Hal yang sama juga ditemukan di Inggris, berkait dengan legenda yang sudah terdengar sejak berabad-abad. Dua tahun lalu beberapa peneliti mengadakan ekspedisi ke Danau Bolam, dekat Newcastle. Mereka menelusuri penampakan makhluk tinggi besar dan gelap yang didengung-dengungkan sejak 18 bulan sebelumnya. Pada suatu hari di tepian danau yang rimbun, enam orang dari kelompok itu akhirnya melihat apa yang mereka sebut sebagai Beast of Bolam.
“Apa yang mereka lihat bukanlah bigfoot atau sasquatch. Ia adalah sosok kabur di pepohonan, dan lebih mirip hantu daripada makhluk berdaging. Lagipula, andai makhluk itu berdaging, Inggris bukanlah tempat yang cocok bagi mereka,” kata Richard Freeman, dari Centre for Fortean Zoology, yang salah satu temannya menjadi saksi penampakan tersebut.
Hal itu membuatnya yakin, legenda-legenda mengenai bigfoot – juga Manusia Besar Kelabu dari Ben MacDhui di Skotlandia dan Raja Kelabu di Wales – sesungguhnya adalah makhluk paranormal. “Mereka bukan hantu atau jiwa makhluk yang sudah mati. Saya kira mereka lebih kompleks dari itu.”
Dalam perjalanannya sebagai pemburu monster profesional, Freeman telah berkelana di seluruh dunia mengumpulkan cerita dan petunjuk mengenai makhluk-makhluk misterius. Ia menemukan di banyak kebudayaan, ada type makhluk yang selalu muncul. Ia menyebutnya sebagai model umum monster internasional, yang di antaranya adalah naga beserta reptil raksasa lain, makhluk kera besar seperti sasquatch dan yeti, orang-orang kerdil seperti orang pendek dan kurcaci, burung raksasa, serta anjing dan kucing jadi-jadian.
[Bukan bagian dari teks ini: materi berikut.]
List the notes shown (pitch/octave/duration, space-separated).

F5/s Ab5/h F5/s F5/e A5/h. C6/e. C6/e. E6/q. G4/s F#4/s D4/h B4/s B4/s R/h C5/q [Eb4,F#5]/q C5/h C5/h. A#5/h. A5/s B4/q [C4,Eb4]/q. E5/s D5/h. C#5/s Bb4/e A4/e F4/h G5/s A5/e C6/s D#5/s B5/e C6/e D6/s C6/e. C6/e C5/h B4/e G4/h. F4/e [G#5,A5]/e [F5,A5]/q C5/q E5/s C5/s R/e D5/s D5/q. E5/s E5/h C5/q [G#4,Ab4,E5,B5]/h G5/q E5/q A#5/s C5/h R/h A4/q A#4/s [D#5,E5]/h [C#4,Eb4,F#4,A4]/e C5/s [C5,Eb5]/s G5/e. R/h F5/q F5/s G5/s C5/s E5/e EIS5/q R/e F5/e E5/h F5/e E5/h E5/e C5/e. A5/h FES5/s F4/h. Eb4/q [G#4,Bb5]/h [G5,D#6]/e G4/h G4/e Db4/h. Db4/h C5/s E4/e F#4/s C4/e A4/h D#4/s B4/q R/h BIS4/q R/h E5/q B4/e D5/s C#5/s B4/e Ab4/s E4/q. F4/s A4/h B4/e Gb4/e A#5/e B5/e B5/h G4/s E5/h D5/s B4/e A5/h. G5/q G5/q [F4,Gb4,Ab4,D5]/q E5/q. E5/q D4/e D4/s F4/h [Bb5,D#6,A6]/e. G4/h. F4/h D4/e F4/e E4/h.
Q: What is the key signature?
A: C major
“Mungkin monster-monster ini serupa dengan makhluk-makhluk yang ditemui leluhur kita. Persepsi leluhur mengenai makhluk itulah yang tersisa dalam pikiran kita. Nah, dalam kondisi tertentu, makhluk itu seolah muncul di hadapan kita.”
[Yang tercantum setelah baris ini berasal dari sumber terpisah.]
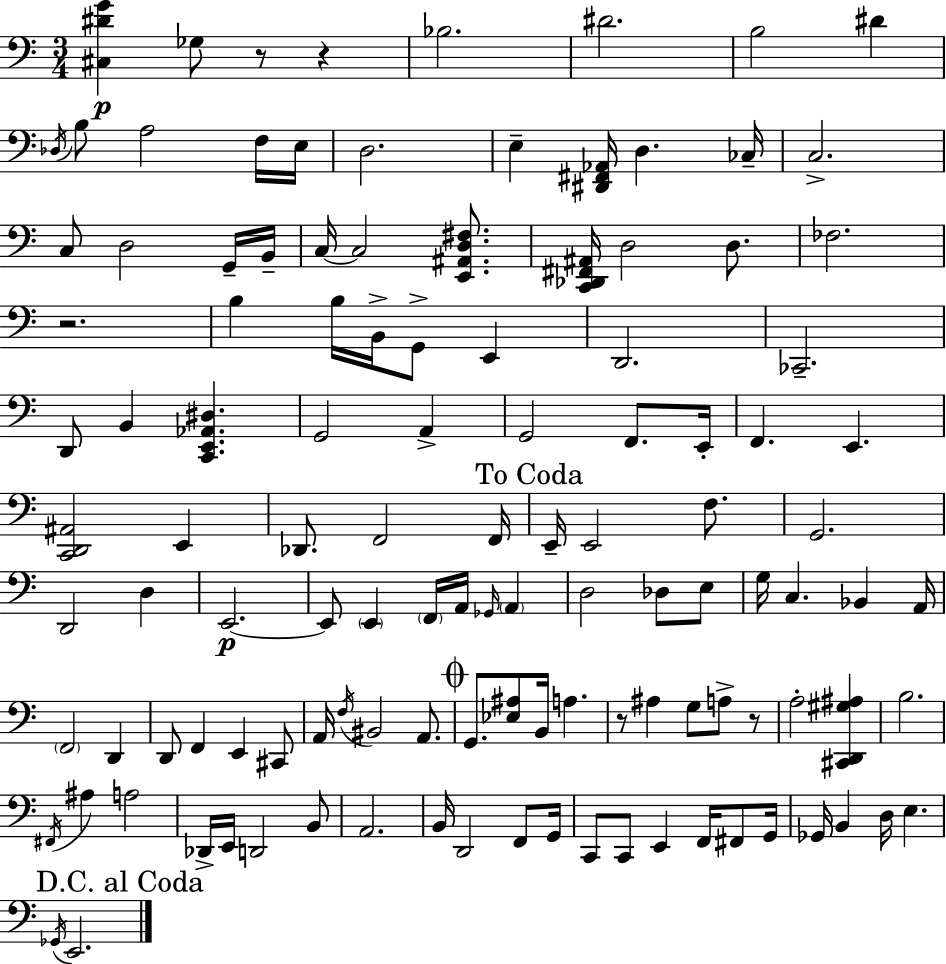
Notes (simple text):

[C#3,D#4,G4]/q Gb3/e R/e R/q Bb3/h. D#4/h. B3/h D#4/q Db3/s B3/e A3/h F3/s E3/s D3/h. E3/q [D#2,F#2,Ab2]/s D3/q. CES3/s C3/h. C3/e D3/h G2/s B2/s C3/s C3/h [E2,A#2,D3,F#3]/e. [C2,Db2,F#2,A#2]/s D3/h D3/e. FES3/h. R/h. B3/q B3/s B2/s G2/e E2/q D2/h. CES2/h. D2/e B2/q [C2,E2,Ab2,D#3]/q. G2/h A2/q G2/h F2/e. E2/s F2/q. E2/q. [C2,D2,A#2]/h E2/q Db2/e. F2/h F2/s E2/s E2/h F3/e. G2/h. D2/h D3/q E2/h. E2/e E2/q F2/s A2/s Gb2/s A2/q D3/h Db3/e E3/e G3/s C3/q. Bb2/q A2/s F2/h D2/q D2/e F2/q E2/q C#2/e A2/s F3/s BIS2/h A2/e. G2/e. [Eb3,A#3]/e B2/s A3/q. R/e A#3/q G3/e A3/e R/e A3/h [C#2,D2,G#3,A#3]/q B3/h. F#2/s A#3/q A3/h Db2/s E2/s D2/h B2/e A2/h. B2/s D2/h F2/e G2/s C2/e C2/e E2/q F2/s F#2/e G2/s Gb2/s B2/q D3/s E3/q. Gb2/s E2/h.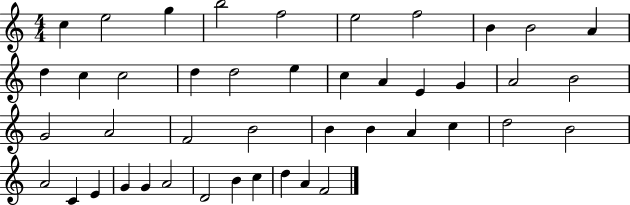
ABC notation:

X:1
T:Untitled
M:4/4
L:1/4
K:C
c e2 g b2 f2 e2 f2 B B2 A d c c2 d d2 e c A E G A2 B2 G2 A2 F2 B2 B B A c d2 B2 A2 C E G G A2 D2 B c d A F2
“Makhluk dalam pikiran itulah yang sebenarnya sering muncul. Bila kita mempercayai keberadaan sesuatu, maka apa yang kita lihat seringkali mewujud sebagai apa yang kita yakini,” kata Freeman.
Sebagai contoh, dalam percobaan di Loch Ness, para peneliti mengapungkan sebatang kayu di danau yang dikenal dihuni monster itu. Kayu diletakkan sore hari ketika sekelompok wisatawan berkunjung. Hasilnya, sebagian besar pengunjung yakin telah melihat Nessie, sang penghuni danau!
Orang-orang itu sepertinya sudah memiliki keyakinan tentang keberadaan monster, sehingga mudah bagi mereka mengatakan, “Saya melihat Nessie, atau bigfoot, atau Yeti,” ketika mereka melihat sesuatu.
Nah, mengenai penampakan sasquatch terakhir di Yukon, hasil penelitian laboratorium menunjukkan bahwa bulu yang ditinggalkan sang monster ternyata adalah bulu bison. Tapi seperti kejadian-kejadian sebelumnya, cerita dan penampakan bigfoot diperkirakan bakal terus muncul. Pencarian akan terus berlangsung. Dan kebenaran mengenai keberadaannya akan tetap tersimpan di mata mereka yang pernah melihatnya.